La abuela oía cómo iba subiendo el tono, pero no se atrevía a bajar. Pensaba que una discusión con las cartas sobre la mesa les vendría bien a los dos. Pero la pelea degeneró.
—No entiendo por qué no eres capaz de confiar en mí, papá. Por qué tienes esa necesidad de controlarlo todo.
—¡Eso es una locura, Saul! ¿No puedes concebir que lo único que hago es preocuparme por ti?
—¿Preocuparte? ¿En serio? ¿Qué es lo que te preocupa? ¿Quién va a ser tu sucesor en la fábrica?
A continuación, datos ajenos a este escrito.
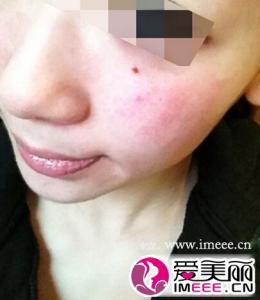 皮肤过敏症状有哪些 皮肤过敏症状有哪些 如何避免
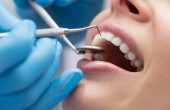 dental-procedures-min-925x425.jpg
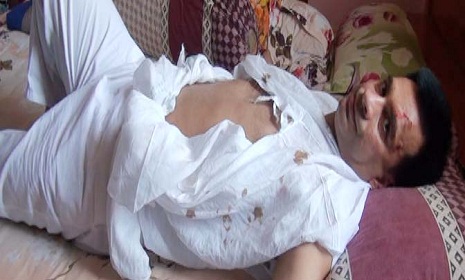 ফরিদপুরে উপজেলা চেয়ারম্যান লাঞ্ছিত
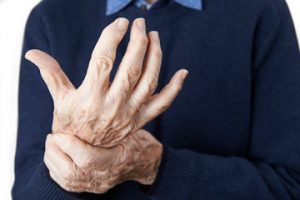 Role of Steroids in Treatment of Arthritis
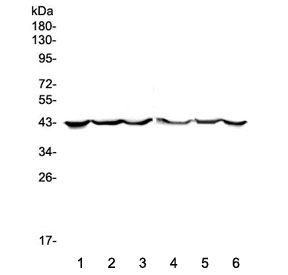 Western blot testing of human 1) placenta, 2) MCF7, 3) SW620, 4) COLO-320, 5) HepG2 and 6) PANC-1 lysate with CK19 antibody. Expected molecular weight ~43 kDa.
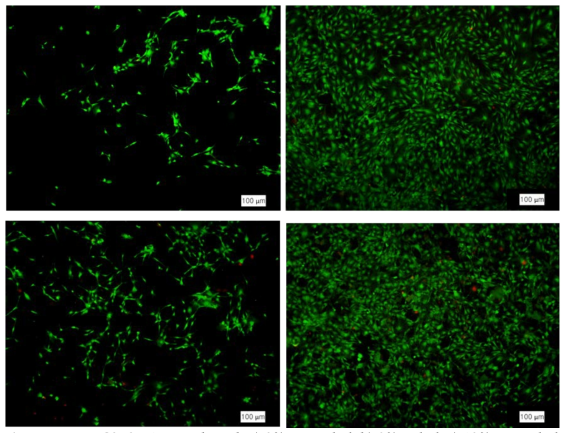 MC3T3-E1 growth with a) 0% nonpoled, b) 0% poled, c) 10% nonpoled, and d) 10% poled film conditions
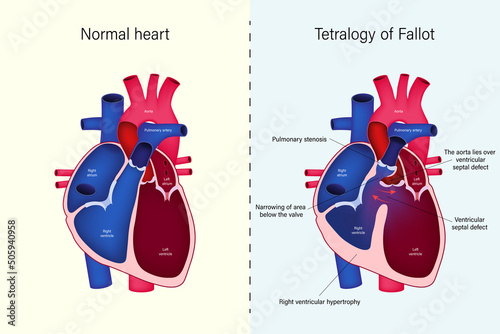 The difference of Normal heart and Tetralogy of Fallot vector. Congenital heart disease.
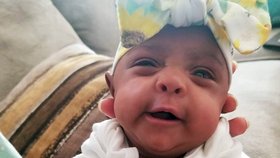 Saybie se narodila ve 23 týdnech, přes děsivé prognózy lékařů přežila a těší se dobrému zdraví.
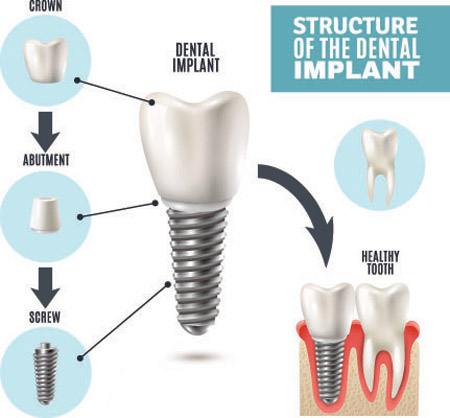 Dental implant procedure illustration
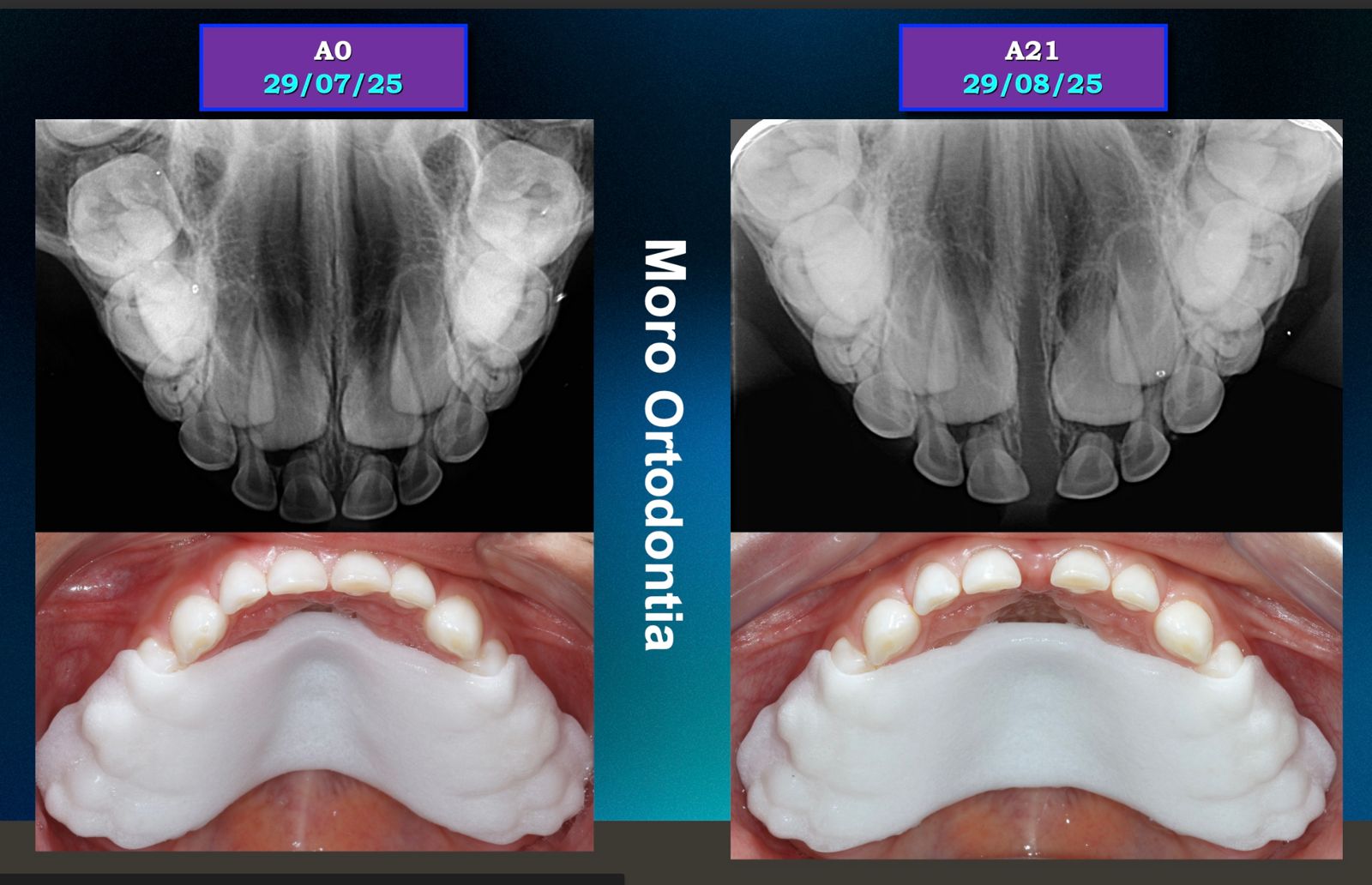 Palatal1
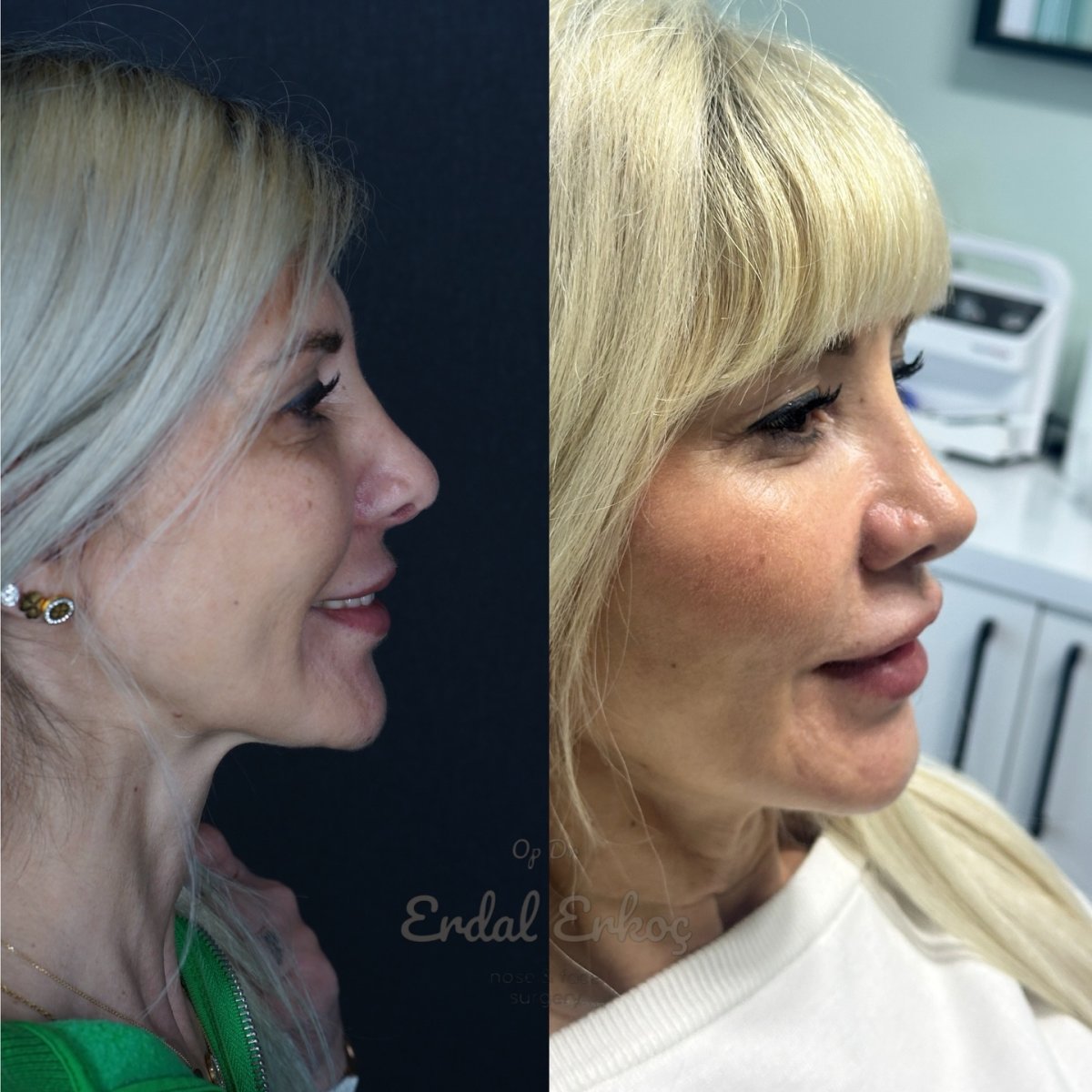 نتائج عملية تجميل الأنف قبل وبعد في عيادة إردال إركوش، تحسين شكل الأنف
—¡Lo que me preocupa es que si te sigues metiendo en todos esos líos de los derechos civiles, cualquier día desaparezcas!
—¿Que desaparezca? Eso es precisamente lo que pienso hacer. ¡Me tienes hasta la coronilla con tanta gilipollez! ¡Quieres dirigirlo todo! ¡Mandar en todo!
—¡Saul, a mí no me hables en ese tono!
—De todas formas, lo único que te importa es Nathan. Es al único al que tienes en cuenta.
—¡Por lo menos Nathan no tiene ideas absurdas que acaben llevándonos a la ruina!
—¿Absurdas? ¡Lo único que pretendo es esforzarme por el bien de la empresa, pero tú nunca quieres escucharme! ¡Siempre serás un mero vendedor de aspiradoras!
—¿Qué has dicho? —gritó el abuelo.
—¡Lo has oído perfectamente! ¡No quiero tener nada que ver con tu ridícula empresa! ¡Estaré mucho mejor lejos de ti! ¡Me largo!
—¡Saul, te estás pasando de la raya! Te lo advierto: si sales por esa puerta, ¡no te molestes en volver!
—¡Estate tranquilo, me voy y no volveré a pisar la puñetera Nueva Jersey!
La abuela salió precipitadamente de su cuarto y se abalanzó escaleras abajo, pero era demasiado tarde: Tío Saul se había ido dando un portazo y ya estaba dentro del coche. Salió a la calle descalza, le pidió por favor que no se fuera, pero él arrancó. La abuela corrió detrás del coche varios metros, pero comprendió que no se pararía. Se había marchado de verdad.
Tío Saul mantuvo su promesa. En vida del abuelo, no volvió nunca a Nueva Jersey. No volvió a pisar ese estado hasta que este murió, en mayo de 2001. La abuela, entre calada y calada, con las bandadas de gaviotas sobrevolando el océano como telón de fondo, me contó que el día que llamó por teléfono a Tío Saul para anunciarle que el abuelo había muerto, su primera reacción no fue bajar hasta Florida, sino salir corriendo a su Nueva Jersey natal, de donde él mismo se había desterrado durante todos esos años.